## [AVAILABLE RECORDS]
------

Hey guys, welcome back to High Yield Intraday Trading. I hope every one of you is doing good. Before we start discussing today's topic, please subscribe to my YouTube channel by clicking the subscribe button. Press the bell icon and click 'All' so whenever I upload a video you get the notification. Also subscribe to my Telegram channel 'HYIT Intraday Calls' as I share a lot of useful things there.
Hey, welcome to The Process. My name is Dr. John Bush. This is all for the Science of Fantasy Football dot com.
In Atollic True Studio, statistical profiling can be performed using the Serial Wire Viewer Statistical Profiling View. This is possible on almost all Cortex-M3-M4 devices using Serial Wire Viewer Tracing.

------

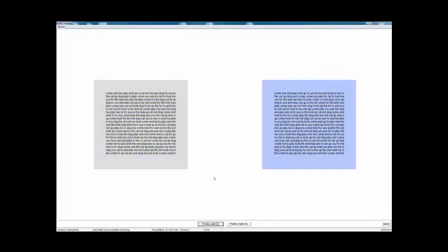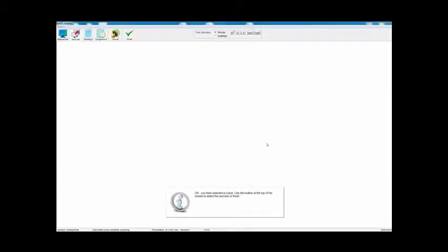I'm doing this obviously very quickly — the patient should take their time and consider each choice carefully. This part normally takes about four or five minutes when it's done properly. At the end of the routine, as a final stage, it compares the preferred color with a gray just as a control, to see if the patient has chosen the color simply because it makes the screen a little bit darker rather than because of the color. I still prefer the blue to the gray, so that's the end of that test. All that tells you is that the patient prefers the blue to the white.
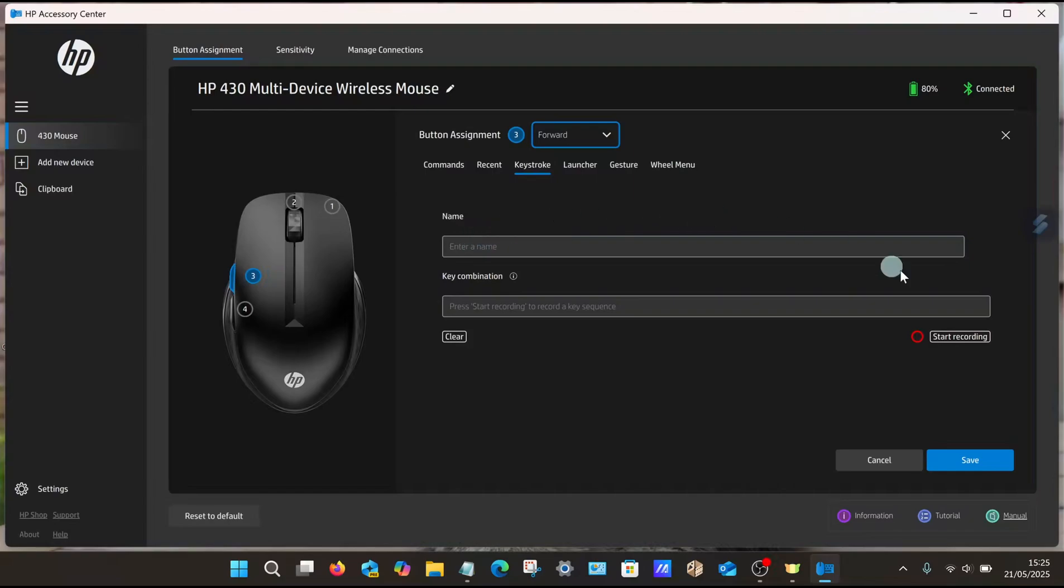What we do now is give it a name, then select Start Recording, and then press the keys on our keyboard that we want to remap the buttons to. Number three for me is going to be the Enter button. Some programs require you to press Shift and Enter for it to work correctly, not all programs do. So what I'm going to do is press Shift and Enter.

------

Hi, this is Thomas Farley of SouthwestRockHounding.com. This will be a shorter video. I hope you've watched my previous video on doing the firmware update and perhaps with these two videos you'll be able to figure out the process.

------

## [TASK DESCRIPTION]
Looking back over the records above, in how many lines does the word "video" occur? Give the number alone.

## [THE COMPLETED TASK]
2